EXERCISE AIM: Locate the line that contains "19 Humpback Circuit, Booral QLD 4655". Retype it and every line after it to the end of the records, exactly, but not the pictures.

SOURCE DATA:
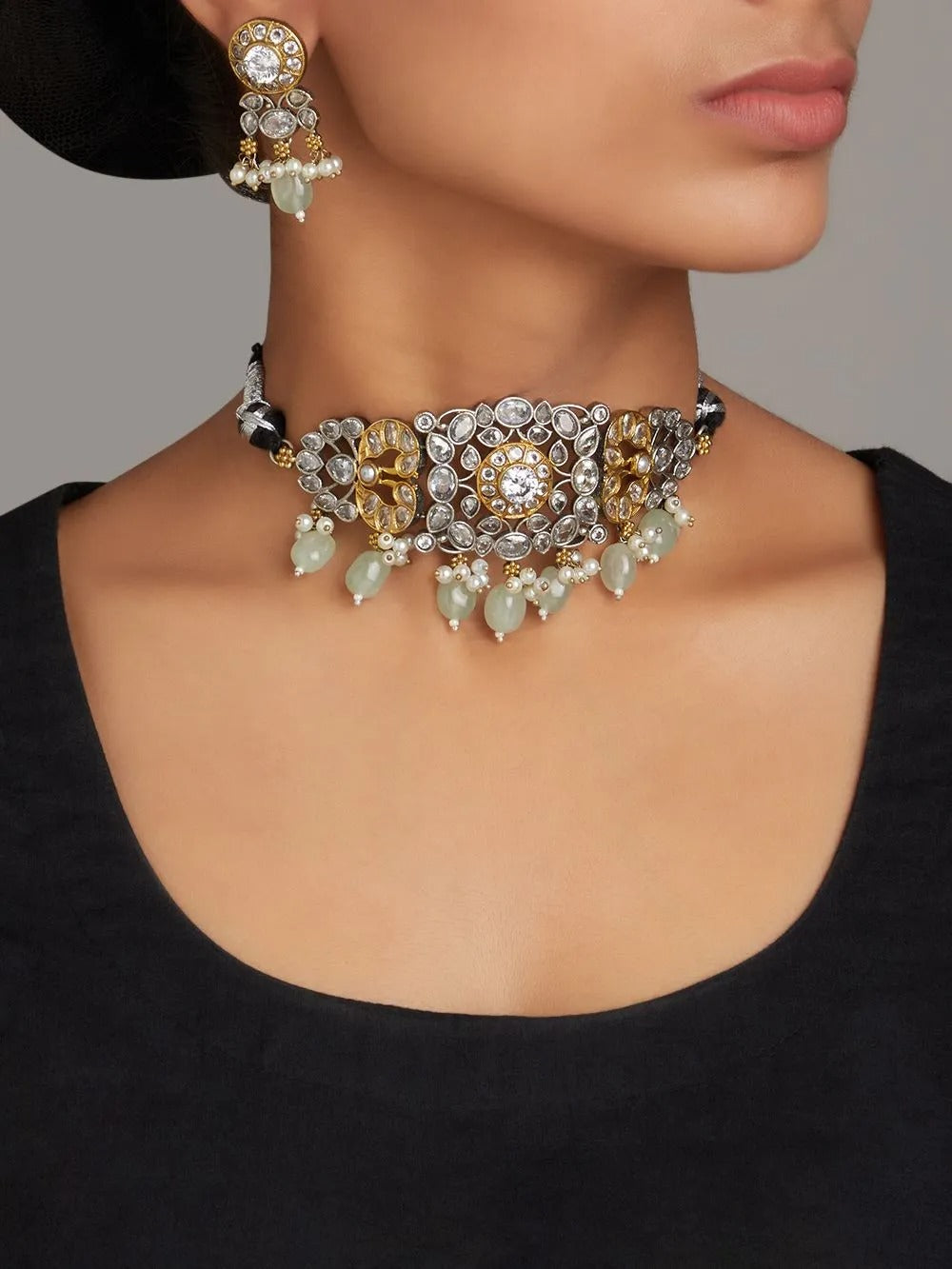 Fayona Choker Necklace Set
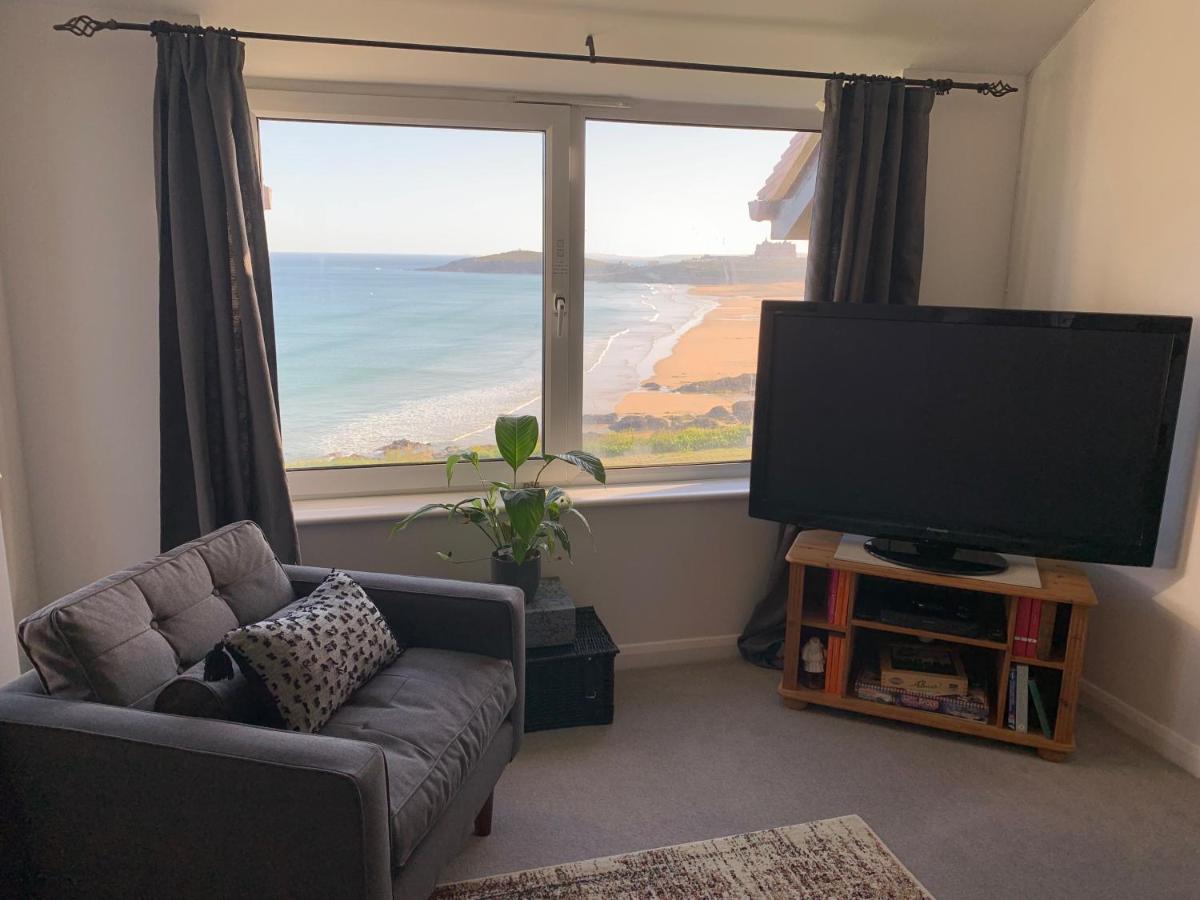B&B Newquay - Two bed flat with stunning views over Fistral Bay! - Bed and Breakfast Newquay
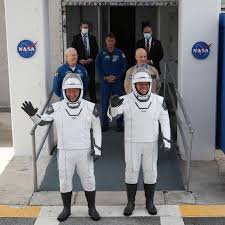 He plans to share more spacesuit photos in the days to come. Elon Musk S Spacex Suit James Bond Meets James T Kirk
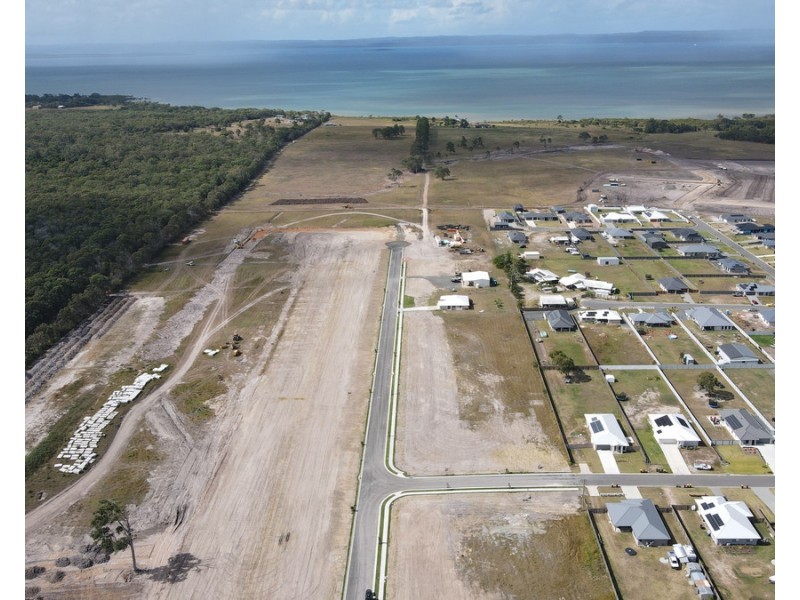 19 Humpback Circuit, Booral QLD 4655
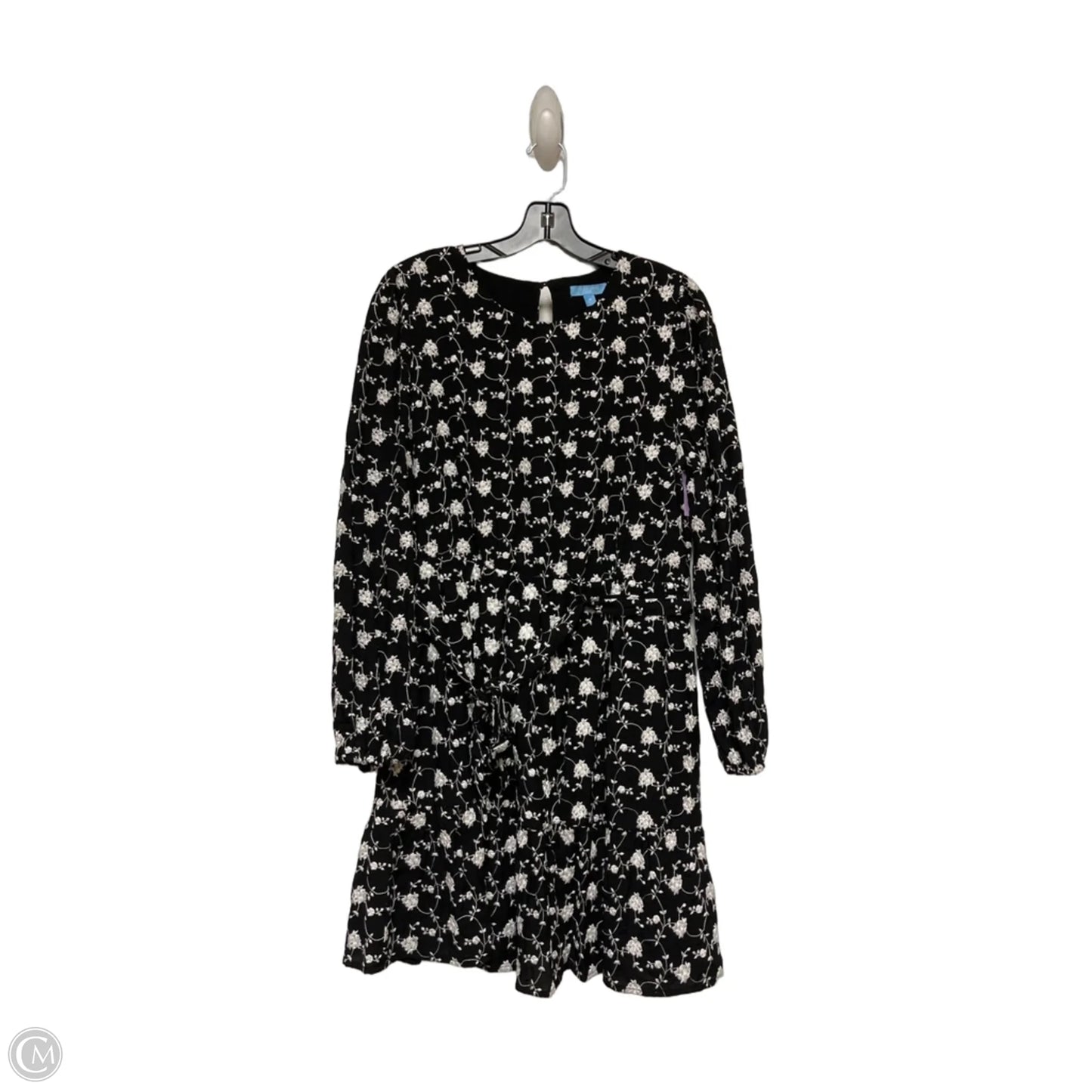 Dress Casual Short By Draper James In Black & White, Size: M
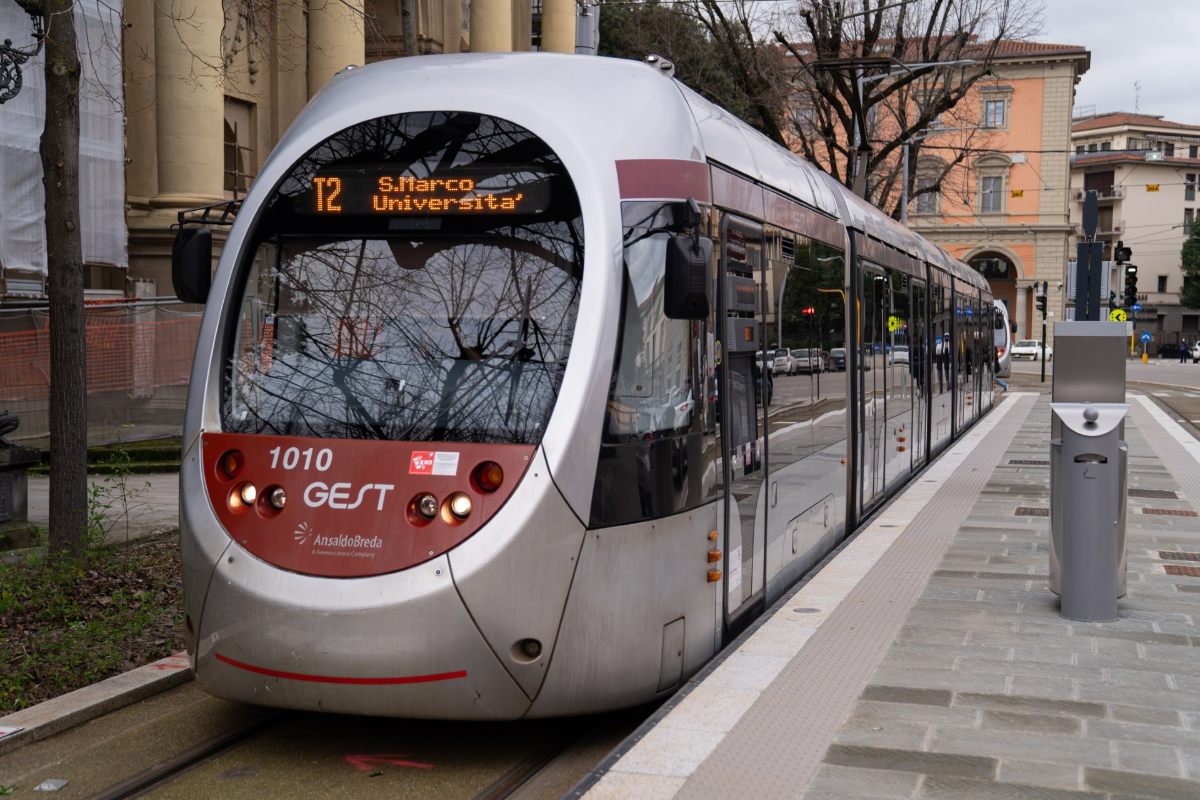 Eco-friendly tram extension begins operations in Florence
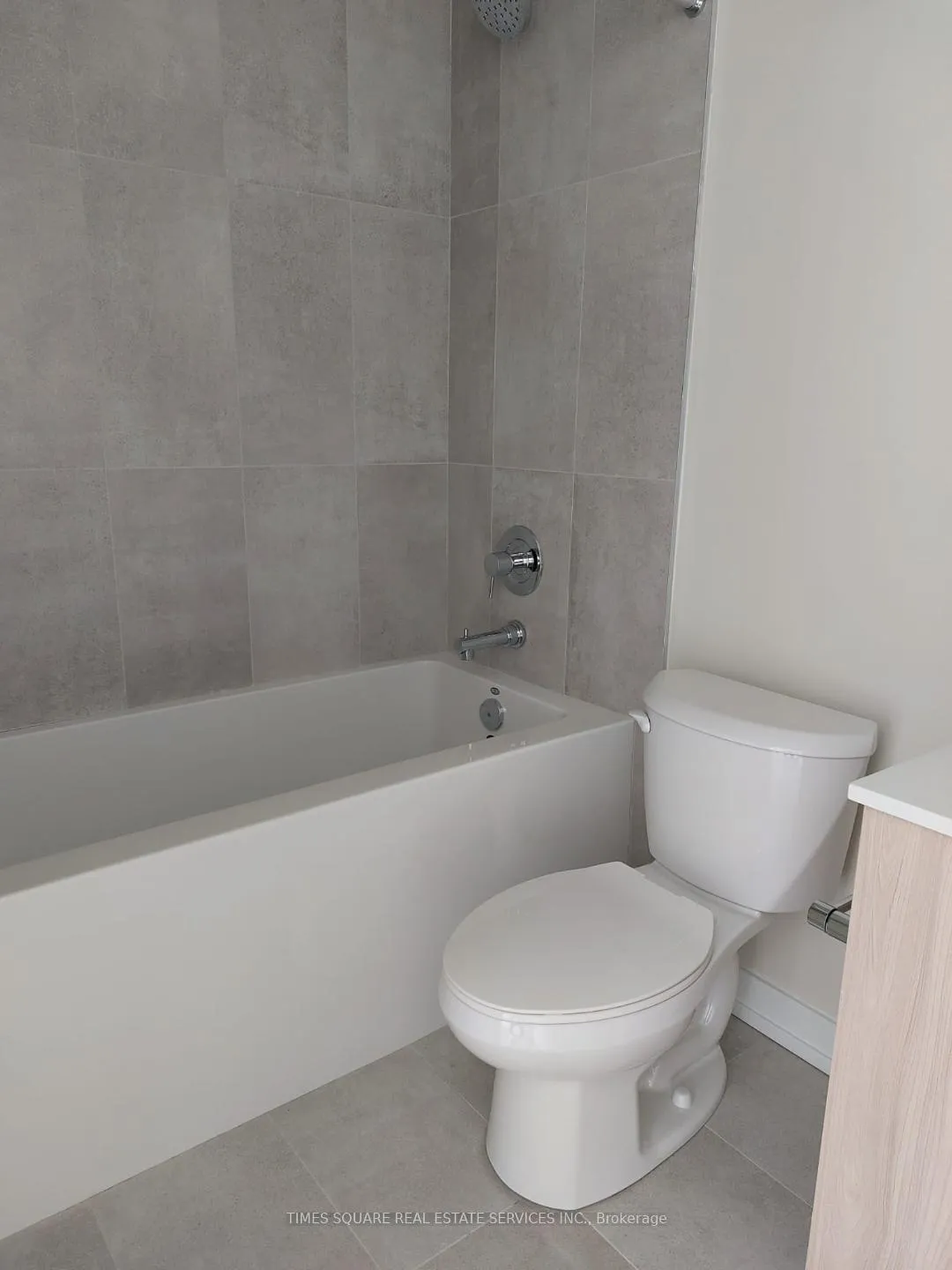 Photo 12 of Unit H302, 8 Walder Lane, Richmond Hill, Rural Richmond Hill — HOMEH
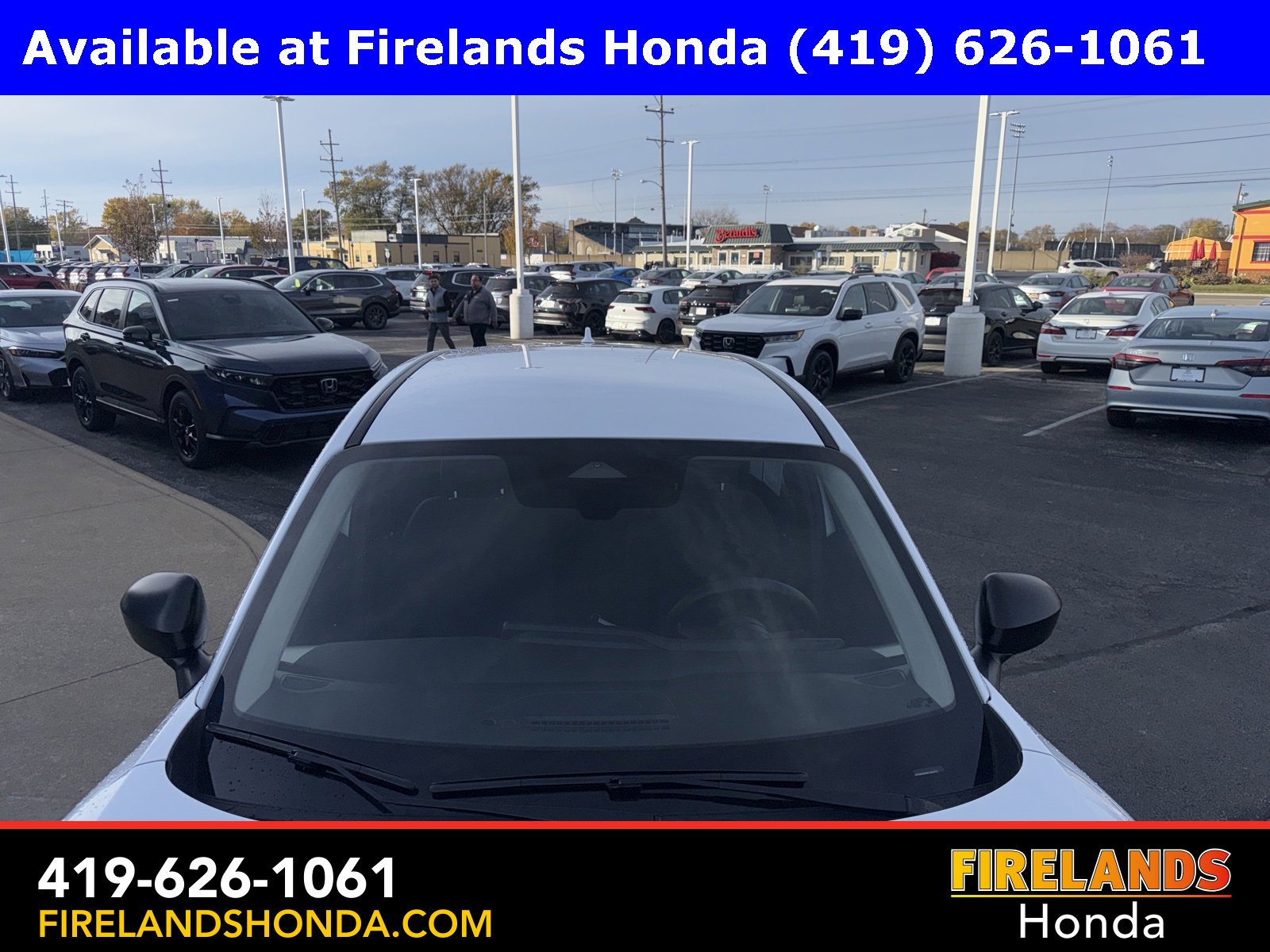 Used 2025 Nissan Kicks S image 8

RESPONSE:
 19 Humpback Circuit, Booral QLD 4655
 Dress Casual Short By Draper James In Black & White, Size: M
 Eco-friendly tram extension begins operations in Florence
 Photo 12 of Unit H302, 8 Walder Lane, Richmond Hill, Rural Richmond Hill — HOMEH
 Used 2025 Nissan Kicks S image 8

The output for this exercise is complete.